30, 31 mai et 1er juin
L’évacuation s’achève, bien que nombre de soldats du Commonwealth errent encore pendant des semaines dans l’île, n’ayant pu la quitter. Les combats faiblissent graduellement, mais une dernière perte importante est à signaler sur mer. Deux croiseurs de la Royal Navy sont engagés pour appuyer divers destroyers. L’un d’eux, le croiseur anti-aérien Calcutta est coulé en quelques minutes par l’attaque de 3 Ju 88.

Bilan
Encore une fois, les Alliés sont « rejetés à la mer » par les troupes de l’Axe. Mais à quel prix ? Le seul corps des Fallshirmjager enregistre 1520 tués, 1502 disparus et 1500 blessés. Les chasseurs alpins quant à eux ont 395 tués, 257 disparus et 504 blessés. À cela, il convient d’ajouter les quelques 300 aviateurs allemands, certains vétérans, perdus. Près de 6000 hommes hors de combat au total. Du point de vue matériel, le seul XIIIe Fliegerkorps enregistre 52 chasseurs, 18 stukas, 26 bombardiers et 4 avions de reconnaissance perdus, plus les pertes du XIe Fliegerkorps. Plus grave, plus de 100 Ju-52 de transport sont définitivement perdus, sans compter les appareils endommagés. Selon Karl Gundelach : « au 17 mai, 14 groupes de transport comptaient 675 appareils, dont 548 en état de vol. 3 semaines plus tard, ils n’étaient plus que 11 groupes, avec 539 avions dont… 220 en état. À la veille de Barbarossa, la Luftwaffe devait rayer (au moins momentanément) de ses effectifs 3 groupes et 328 appareils (soit 60 %) ». La Crète fut bien « le tombeau du parachutiste allemand » (Kurt Student), au regard du fait que jamais plus une opération de grande envergure n’allait leur être confiée. Cependant, le fait remarquable est que, bien que le prix en fut élevé, la Crète fut conquise, alors même que Freybergh était au courant des plans allemands. Les alliés perdirent environ 17 750 hommes, alors qu’ils avaient la supériorité numérique. À cela, plusieurs explications :


  • la réelle combativité des troupes allemandes, issues de corps d’élite ;
  • la supériorité aérienne de la Luftwaffe qui, bien que gênée, fut en mesure d’apporter un soutien efficace ;
  • le manque de coordination des troupes alliés, issues de plusieurs armées (britannique, grecque, néo-zélandaise, australienne) ;
  • le manque de discipline de certains (le corps des Anzacs — soldats néo-zélandais et australiens — étant réputé pour son « caractère » que « seul Montgomery su dompter », comme l’écrivit David Zambon)
  • le changement de plan opportun des responsables allemands à Athènes qui, comprenant que la situation leur échappe, décident de renforcer prioritairement Maleme.

Il convient d’ajouter à cela les 9 grands navires de guerre (ainsi que la multitude de plus petits) coulés par les bombardiers allemands. Ces pertes furent particulièrement gênantes et durement ressenties quand il fallut envoyer des renforts en Extrême-Orient à la fin de l’année.
Les combats furent particulièrement féroces. Comme il l’a été dit, les Anzacs étaient indisciplinés, décrits comme des « brutes sauvages », ceci étant en partie dû au fait qu’une légende colportée par les troupes, prétendait que « les parachutistes ne faisaient pas de prisonniers ». De plus, nombre d’insulaires ont participé aux combats, parfois armés de machettes et autres armes contondantes.
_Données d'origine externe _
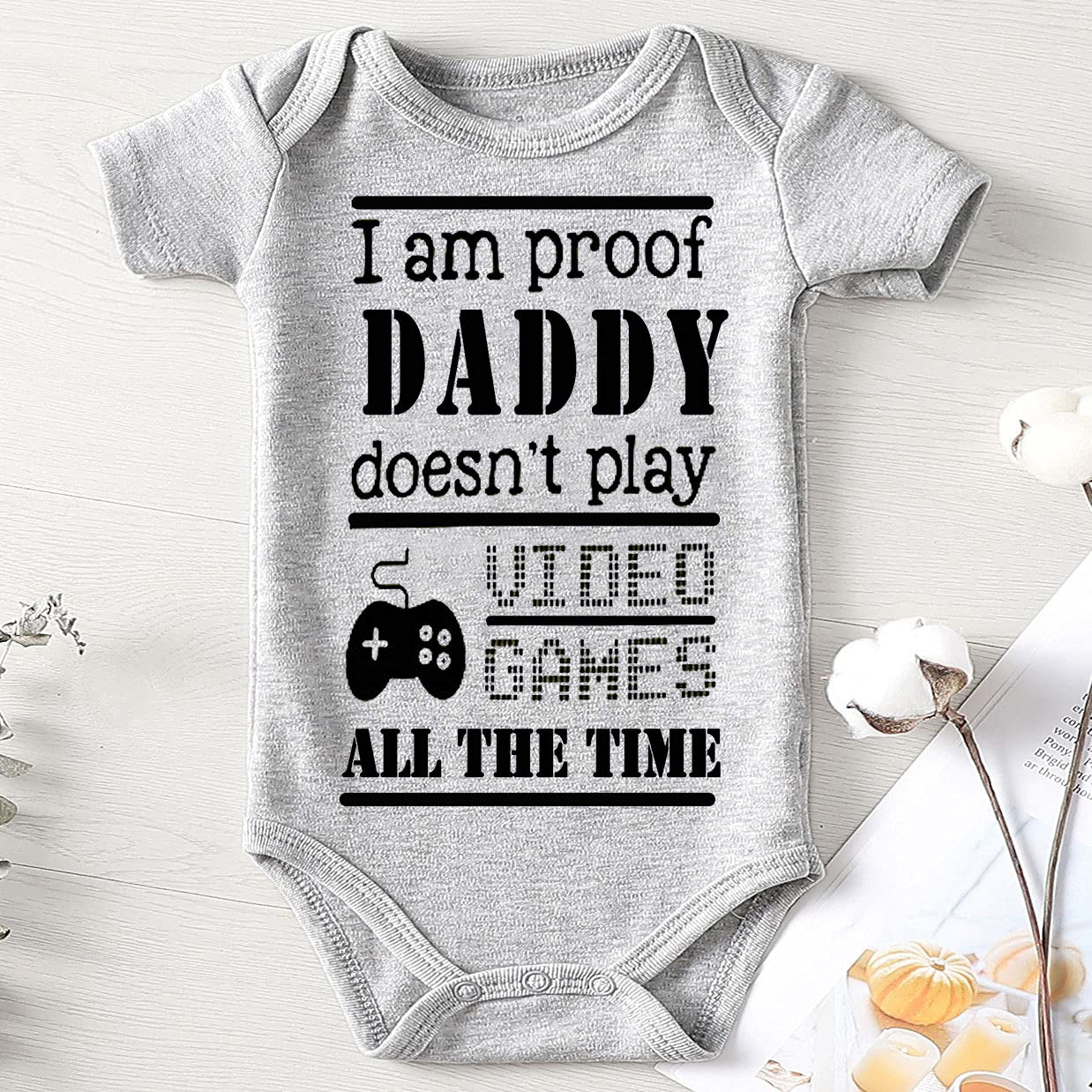 Soy la prueba de que papá no juega videojuego con letras impresas mameluco para bebé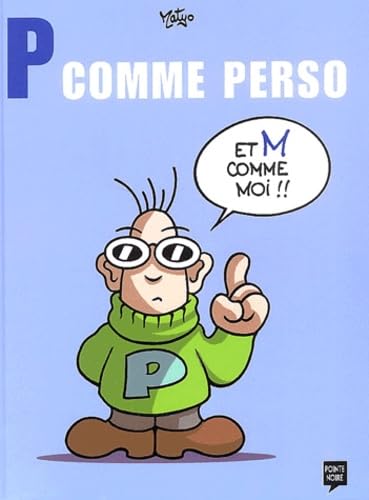 P comme perso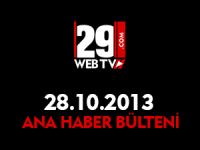 ANA HABER BÜLTENİ 28.10.2013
Nombreux furent les aviateurs et paras allemands exécutés (d’où le nombre élevé de disparus) par les Anzacs et les indigènes. Rajoutons aussi l’attaque de la première Leichtflotille vue par les Britanniques comme « un massacre glorieux, les navires partant à l’abordage des caboteurs, se frayant un chemin dans les eaux pleines de 4000 soldats noyés (297 en vérité)… » (Alan Clark). Ce que les auteurs britanniques oublient de mentionner, ce sont les soldats abandonnés à leur sort, mitraillés alors qu’ils s’agrippaient désespérément à des débris. Après guerre, des sous-mariniers allemands furent exécutés pour n’avoir au final pas plus mal agi que les « héroïques navires de l’amiral Glennie » ce 21 mai.
Pour finir Alan Clark dit dans son livre à la page 249: "Il fallait, maintenant, achever de payer le prix d'une stratégie confuse, d'un plan de défense établi à la légère, et de tant d'erreurs tactiques, commises au cours des semaines précédentes. Et, comme souvent, dans l'histoire britannique, la note serait réglée avec le sang et par l'héroïsme de la Marine".

Sources

  • "Alerte! Parachutistes" (traduit de l'allemand) par Alkmar von Hove, Éditions Pensée Moderne, 1961, 224p.
  • "La bataille de Crète", Historia magazine no.19, 1968.
  • "La chute de la Crète" (traduit de l'anglais) par Alan Clark, Robert Laffont, 1966, 307p.
  • "La Crète tombeau des paras allemands" par Jean Mabine, Presses de la Cité, 1982, 375p.
  • "Fallshirmjäger en Crète" par Jean-Yves Nasse, Histoire & Collections, 2002, 160p.
  • "Mai 1941: La Luftwaffe à l'assaut de la Crète", Jean-Louis Roba, Batailles Aériennes n°24, 2003, 80p.
  • "wikipédia"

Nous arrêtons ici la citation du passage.